14. The computer-implemented method of claim 13, wherein the plurality of quality scores corresponding to the base call comprise the first quality score, the second quality score, the third quality score, and the fourth quality score.

15. The computer-implemented method of claim 14, further comprising: quantizing each of a plurality of remapped quality scores to a corresponding one of a plurality of quantized remapped quality score.

16. A non-transitory computer readable storage medium comprising computer program instructions that, when executed on a processor, cause a computing device to: receive, from a plurality of clusters within a region of a flow cell, a plurality of sensor data representing the plurality of clusters incorporating different nucleotide bases with different labels, wherein the plurality of sensor data is within a first range; identify a second range, such that at least a threshold percentage of the plurality of sensor data are within the second range; map at least a subset of the plurality of sensor data, that are within the second range and that represent, from the region of the flow cell, a subset of the plurality of clusters incorporating different nucleotide bases with different labels, to a third range, thereby generating a plurality of normalized sensor data for a target cluster of the plurality of clusters; process the plurality of normalized sensor data in a base caller, to determine, for the target cluster, a base call and a plurality of quality scores corresponding to the base call; and remap each of at least a subset of the plurality of quality scores to a remapped quality score for the base call.

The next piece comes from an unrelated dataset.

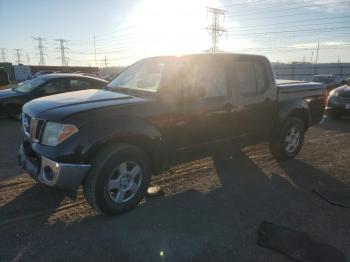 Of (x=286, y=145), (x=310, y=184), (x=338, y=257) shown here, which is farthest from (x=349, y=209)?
(x=286, y=145)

17. The non-transitory computer readable storage medium of claim 16, wherein identifying the second range comprises: identifying, within the first range, a low value, such that a lower threshold percentage of the plurality of sensor data have a value that is lower than the low value; and identifying, within the first range, a high value, such that an upper threshold percentage of the plurality of sensor data have a value that is higher than the high value, wherein the second range is defined by the low value and the high value.

18. The non-transitory computer readable storage medium of claim 17, further comprising computer program instructions that, when executed on the processor, cause the computing device to quantize each of a plurality of remapped quality scores to a corresponding one of a plurality of quantized remapped quality score.

19. A system comprising: at least one processor; and a non-transitory computer-readable medium comprising instructions thereon that, when executed by the at least one processor, cause the system to: receive, from a plurality of clusters within a region of a flow cell, a plurality of sensor data representing the plurality of clusters incorporating different nucleotide bases with different labels, wherein the plurality of sensor data is within a first range; identify a second range, such that at least a threshold percentage of the plurality of sensor data are within the second range; map at least a subset of the plurality of sensor data, that are within the second range and that represent, from the region of the flow cell, a subset of the plurality of clusters incorporating different nucleotide bases with different labels, to a third range, thereby generating a plurality of normalized sensor data for a target cluster of the plurality of clusters; process the plurality of normalized sensor data in a base caller, to determine, for the target cluster, a base call and a plurality of quality scores corresponding to the base call; and remap each of at least a subset of the plurality of quality scores to a remapped quality score for the base call.

20. The system of claim 19, further comprising instructions that, when executed by the at least one processor, cause the system to quantize each of a plurality of remapped quality scores to a corresponding one of a plurality of quantized remapped quality score.